> **Task prompt**
Exact copies of the lines below, from the one with "Sony A7R Mark" up to and including the one with "16 gauge is", are what this calls for; leave out pictures.

> **Provided entries**

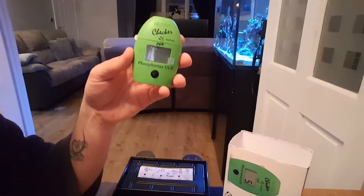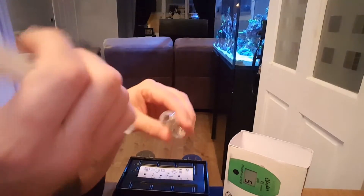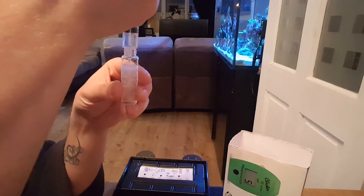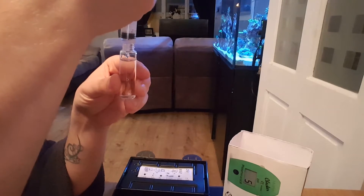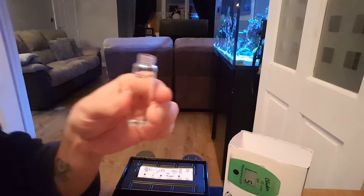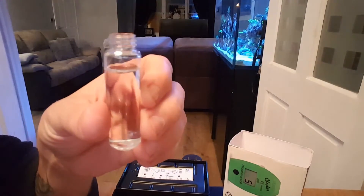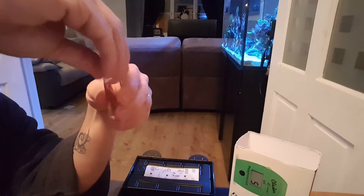So let's put it to the test. You get your vial, fill it with 10 ml of water. It does come with a 10 ml line attached on the glass. Lid on, dry the vial.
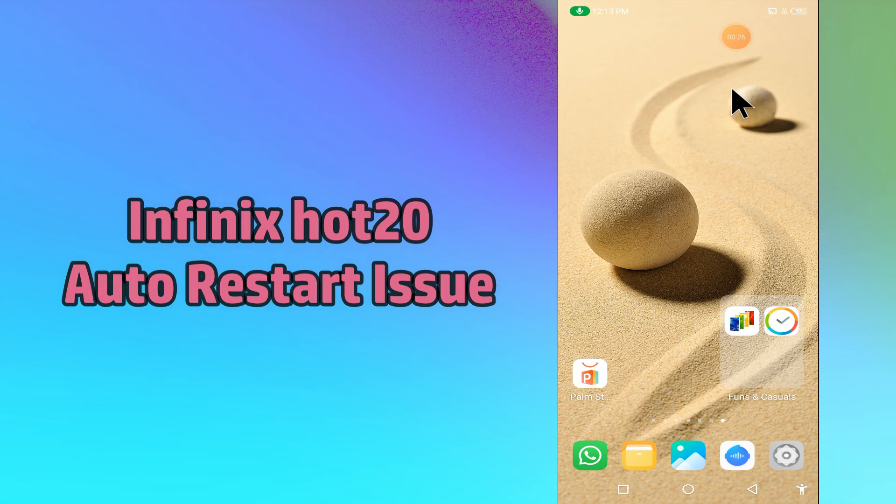Now watch this video and you will learn how you can fix the auto restart problem in your device on the Finix Hot 20.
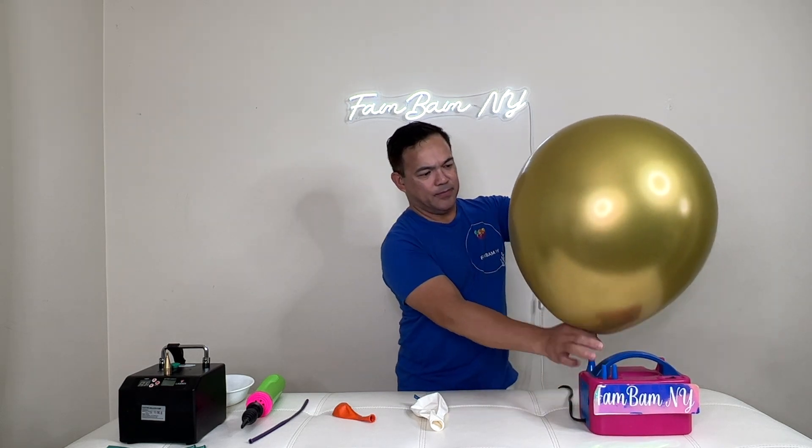Now do the same thing on the white one. Arrange them in place — there's your white pumpkin! Do the same thing on the last color, which is the gold. By the way, we have a different video tutorial on how to make this but without the beads — you can check that video for another way to make your balloon pumpkin. Now we'll pair this up.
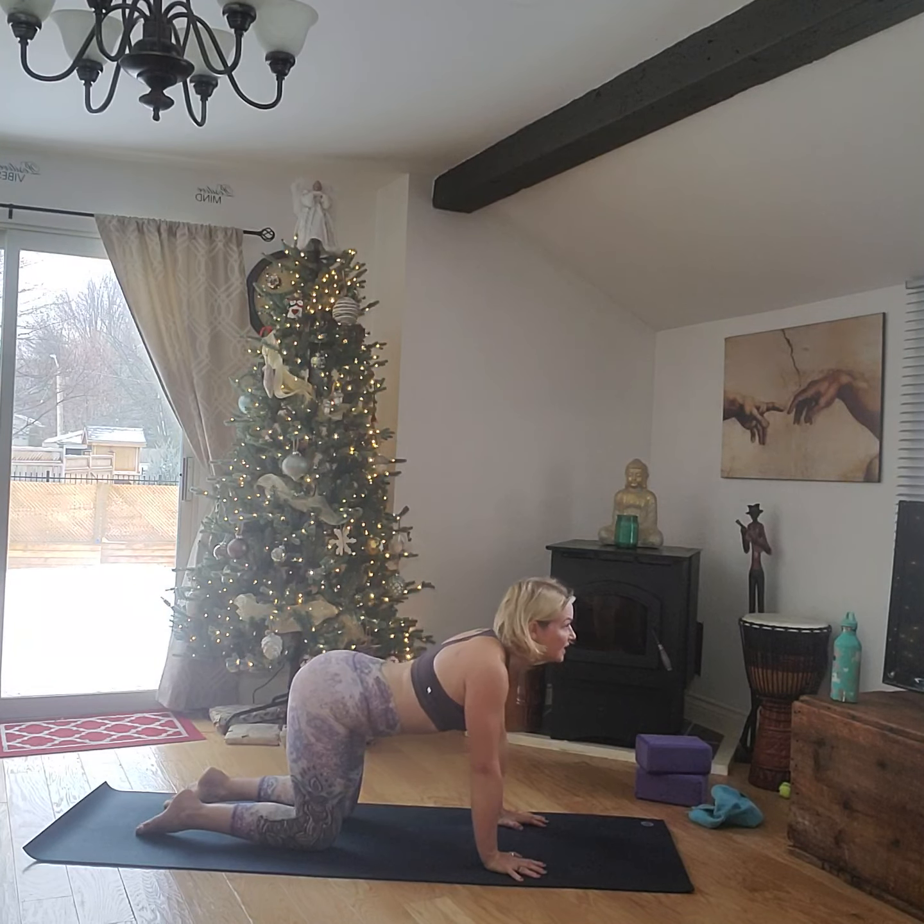Step the right foot through, bring the fingertips down — warrior three. Square the hips, square the pelvis, flex the back foot. Use the blocks if you need them. Center through this standing foot, nice and evenly spread. We're going to tuck the knees in, push it out — tuck in, push it out. Tuck in, push it out. Tuck in, push it out. Nice and low, get nice and tucked, as low as you can.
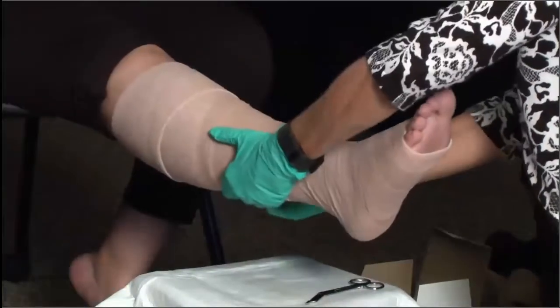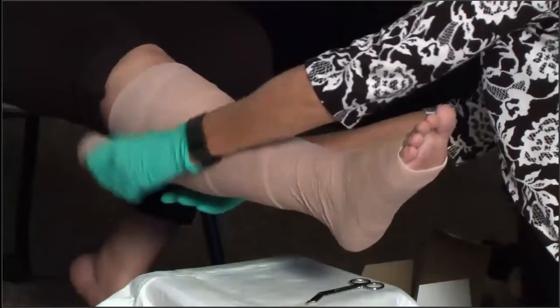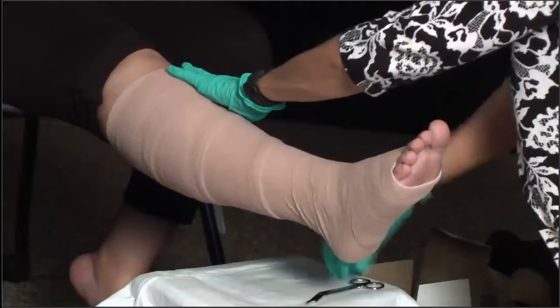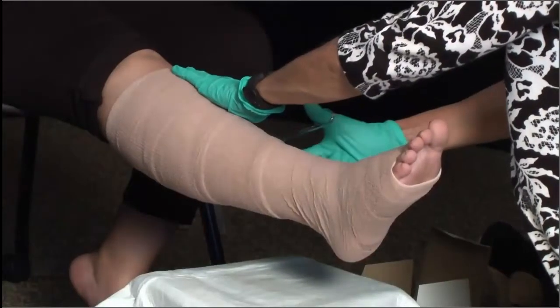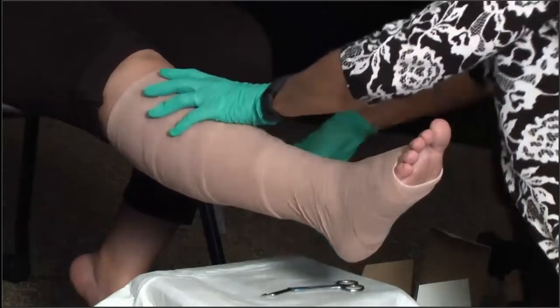Again, this wrap will continue all the way up with a 50% spiral overlap. That should be it — we will cut off the excess and secure that with a piece of tape.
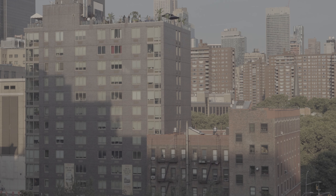Sony A7R Mark IV filming in 4K at 24p. This is in S-Log3, using picture profile 8.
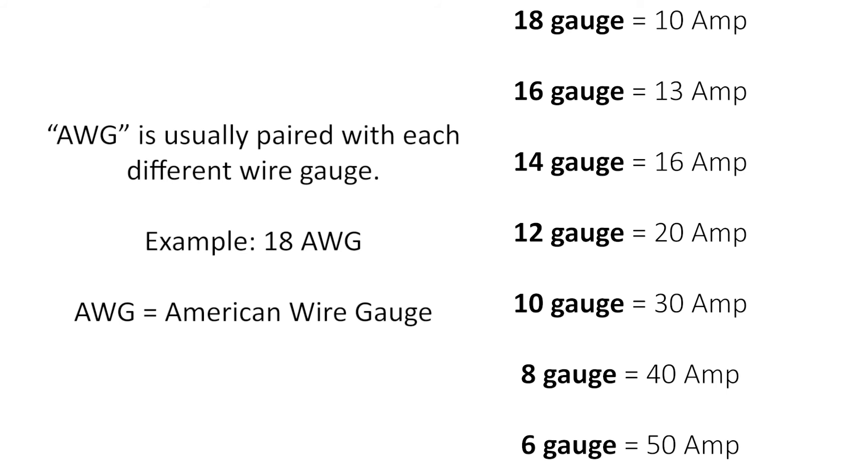16 gauge is 13 amps. 14 gauge is 16 amps. 12 gauge is 20 amps, or about the equivalent of a household breaker. 10 gauge is 30 amps. 8 gauge is 40 amps. 6 gauge is 50 amps.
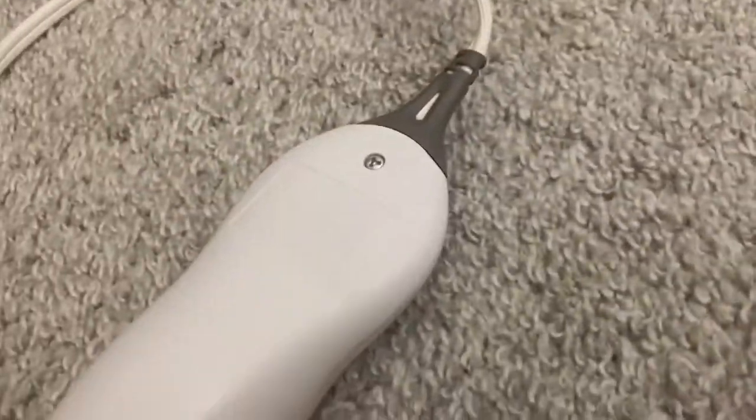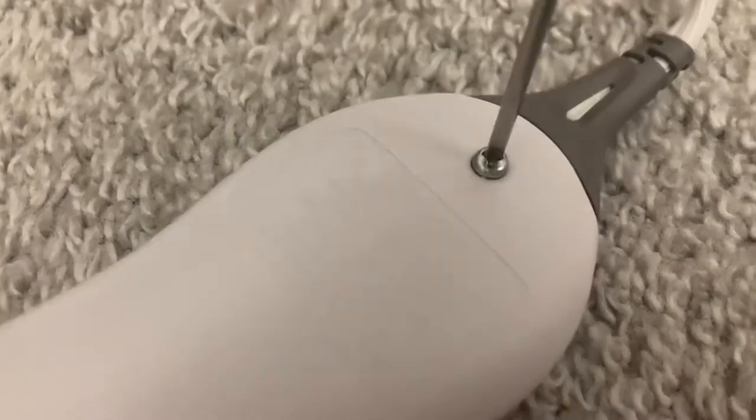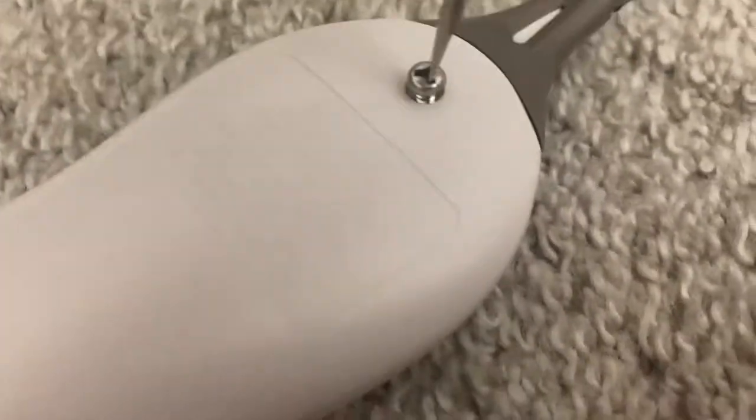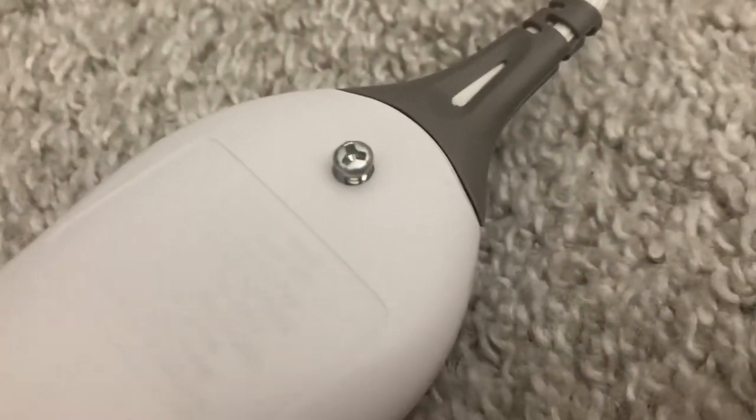Do you ever hate those stupid three-headed security screws? Here's a little trick. Flathead screwdriver — a little bit smaller than that. You can put it in that gap there and just easily take it out. Great little hack for you if you don't have all those little bits around or you can't find them.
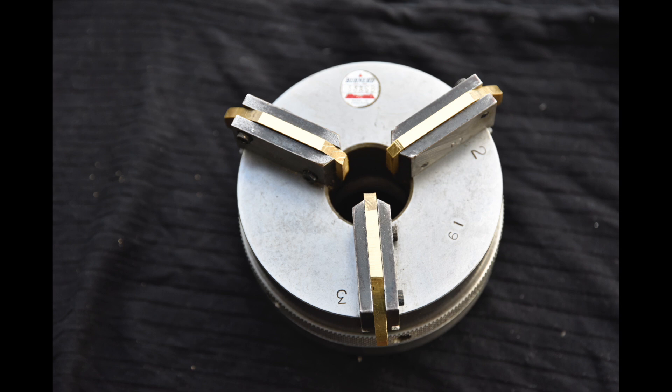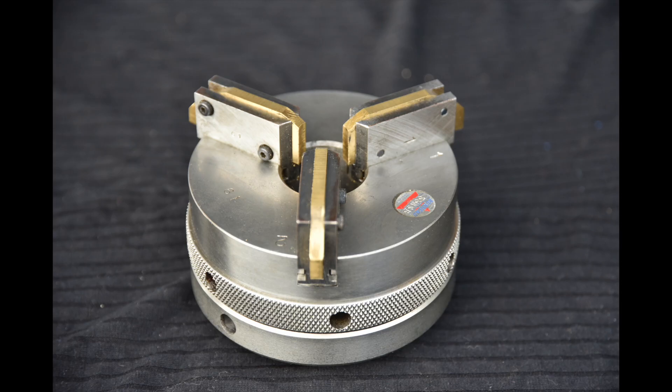I use it for holding objects that have previously been prepared or polished in some way and I don't want to mark the surface. These bronze jaws are soft enough not to cause too much damage. This is a self-centering chuck, and one of the advantages of the soft jaws is it's quite easy to turn the inside of the jaws so that they are nice and concentric and hold the work centrally and accurately.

> **Finished task**
Sony A7R Mark IV filming in 4K at 24p. This is in S-Log3, using picture profile 8.
16 gauge is 13 amps. 14 gauge is 16 amps. 12 gauge is 20 amps, or about the equivalent of a household breaker. 10 gauge is 30 amps. 8 gauge is 40 amps. 6 gauge is 50 amps.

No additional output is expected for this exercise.